A slide from a presentation by IBM, reading “A COMPUTER CAN NEVER BE HELD ACCOUNTABLE, THEREFORE A COMPUTER MUST NEVER MAKE A MANAGEMENT DECISION

Talk to failed candidates

A friend of mine, when laid off, asked whether there would be an exit interview. His boss responded by saying that there would not be, as his was an involuntary termination. What a odd proposition: that this individual, because he was being let go, had nothing useful to offer the company by way of feedback or praise. The same is true for failed candidates: they have a lot to say of much use, but nobody reaches out.

I got a survey once; the first question was: “Did the job description make it clear to you what the role would entail?” I didn’t read any further.

Walk the walk

Finally, any company that uses PDF parsing, keyword-oriented ATS systems, AI, and that hits candidates with no-reason, no-reply messages should mandate that any hiring manager and anyone who has a hiring manager report to them must apply for their own job with such a system every quarter. This will I hope make them realize firsthand that these systems would be hilarious if they weren’t so dehumanizing, and will spur change from a sense of disgust.
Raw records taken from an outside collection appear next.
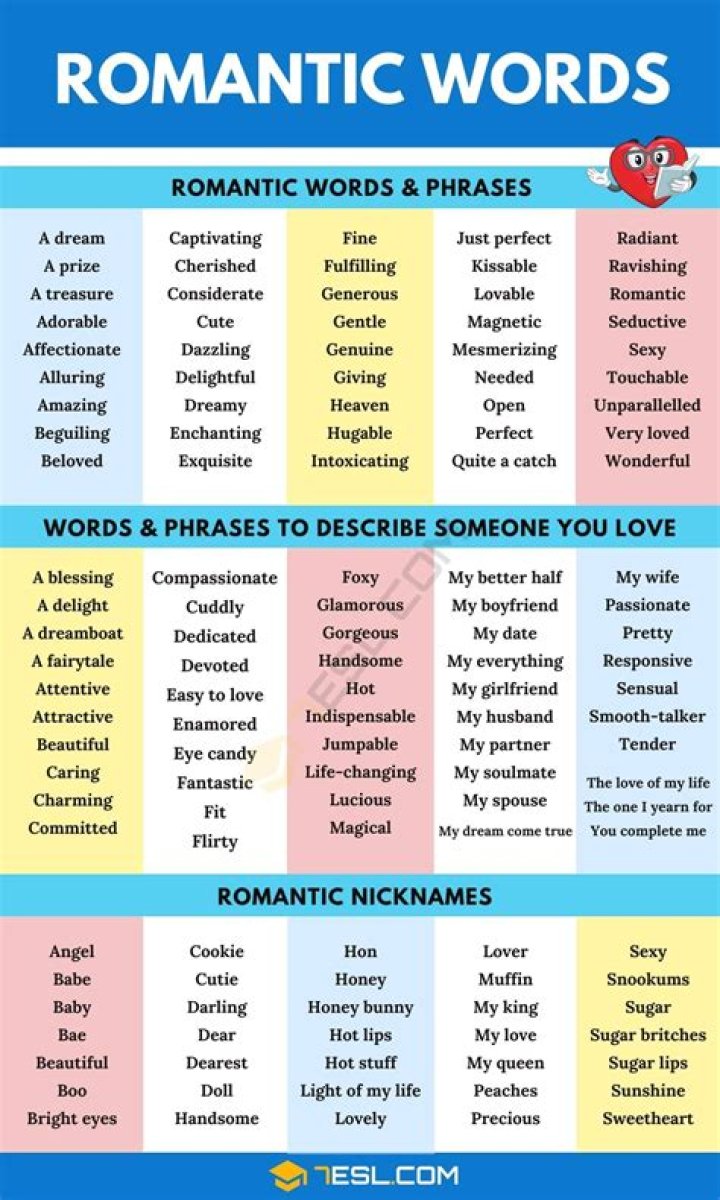 100+ Romantic Words & Sweet Words for Someone You Love &bull; 7ESL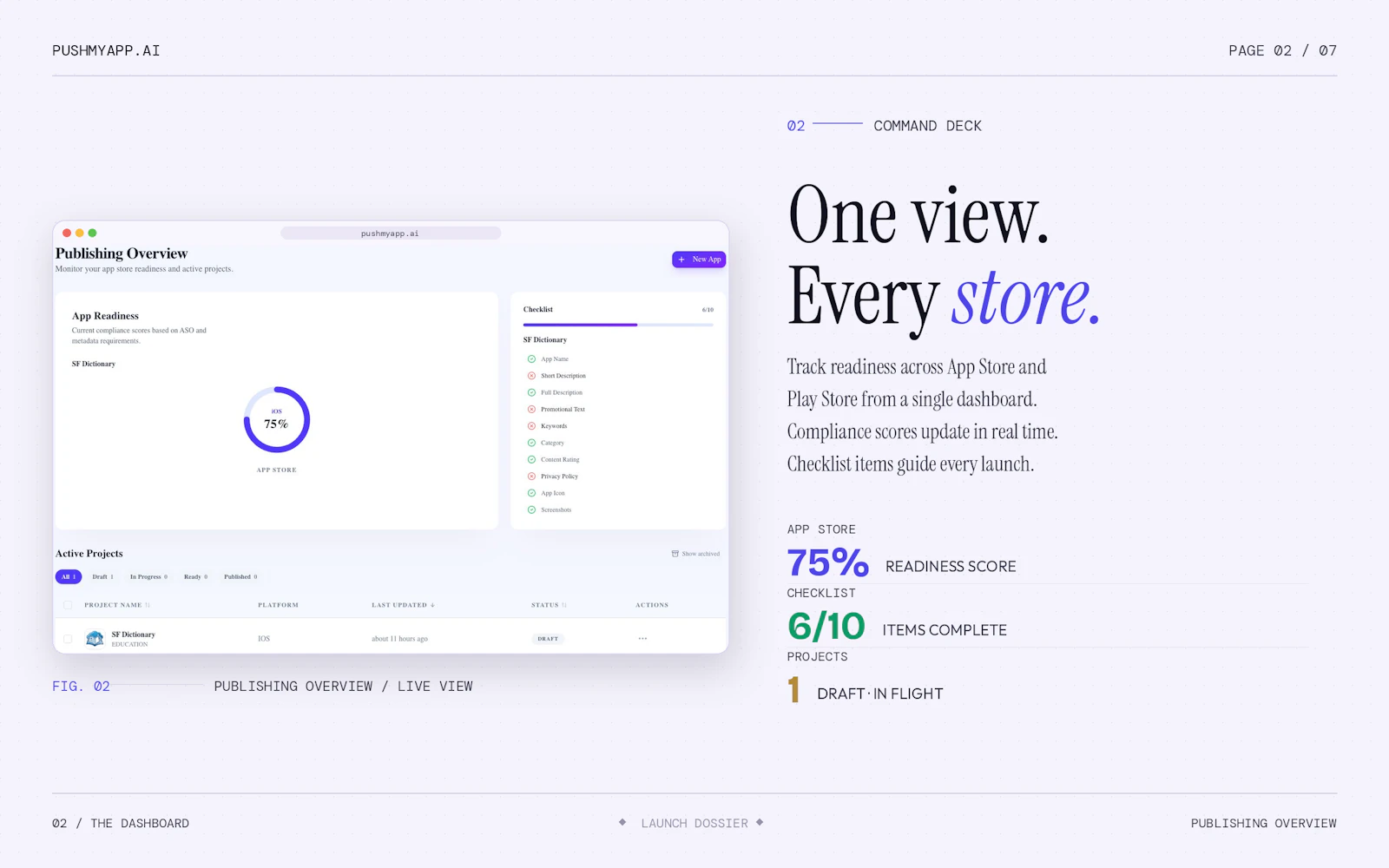 Push My App screenshot 2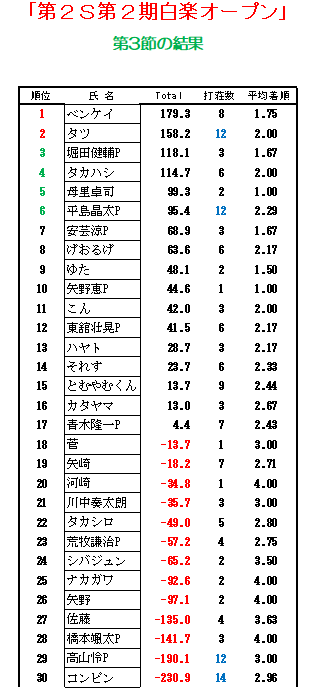 haurakuopen's tweet photo. 昨日も白楽オープンたくさんのご来場ありがとうございました！次週は折り返しの第4節🀄
まだまだ皆様にチャンスがございますのでご来場のほどお待ちしております！ https://t.co/PkUrtTLF9k
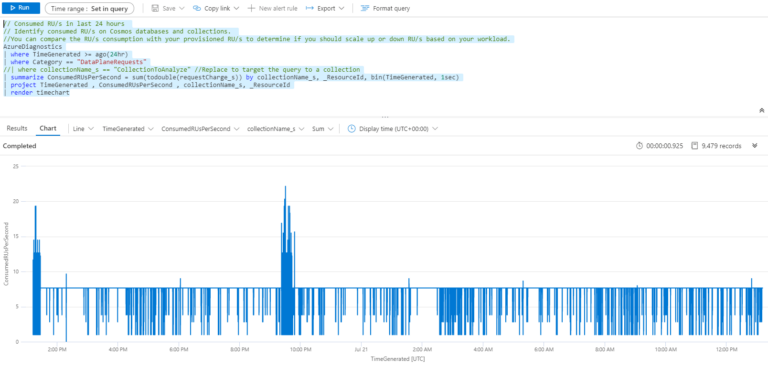 SentinelOne | What Is Log Analytics? It's More Than Just an Azure Service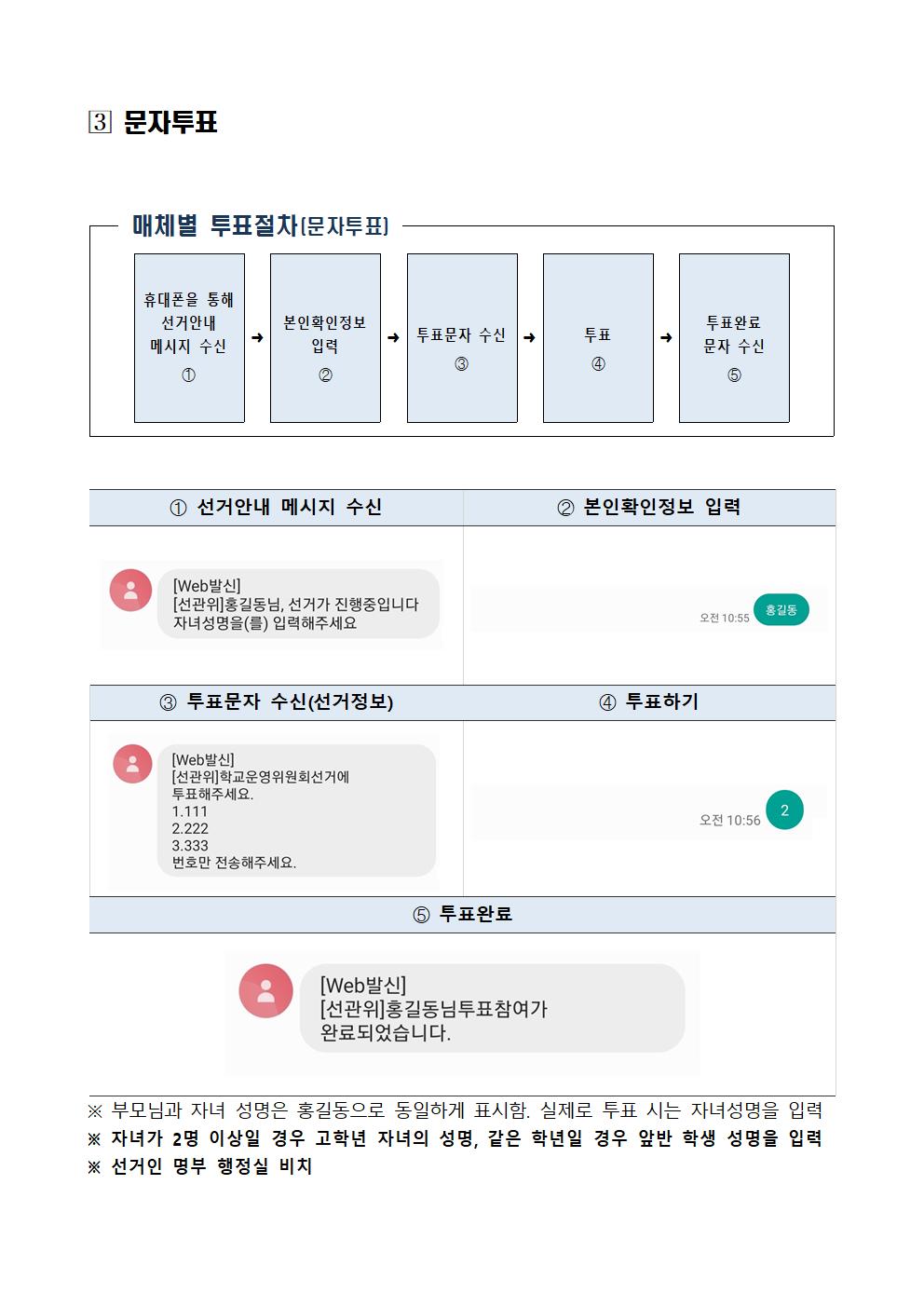 온라인투표시스템 매체별 투표방법 안내(2021학년도)003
There is foul play on both sides here: candidates apply to hundreds of jobs when they probably shouldn’t, and use AI to help when they definitely shouldn’t. This overwhelms hiring managers, who then need systems to deal with the quantity. The question of who started matters less than the fact that both sides are stuck in this trough: they use computers on us, so we act like computers in order to survive.

A candidate who applies for a reasonable number of jobs or shuns keyword optimization software hurts only themself; companies must act first, as they have the scale and the clout to do something.

All this seems to have happened thanks to the computer adding scale to and subtracting personality from our interactions. Indeed, interacting with real people can be hard and awkward, especially if it’s bad news. But surely personality is what it’s all about. Indeed it feels that we subject our personalities to such scale that they risk thinning out into an undifferentiated haze or, like a balloon in a vacuum, expanding rapidly and going pop.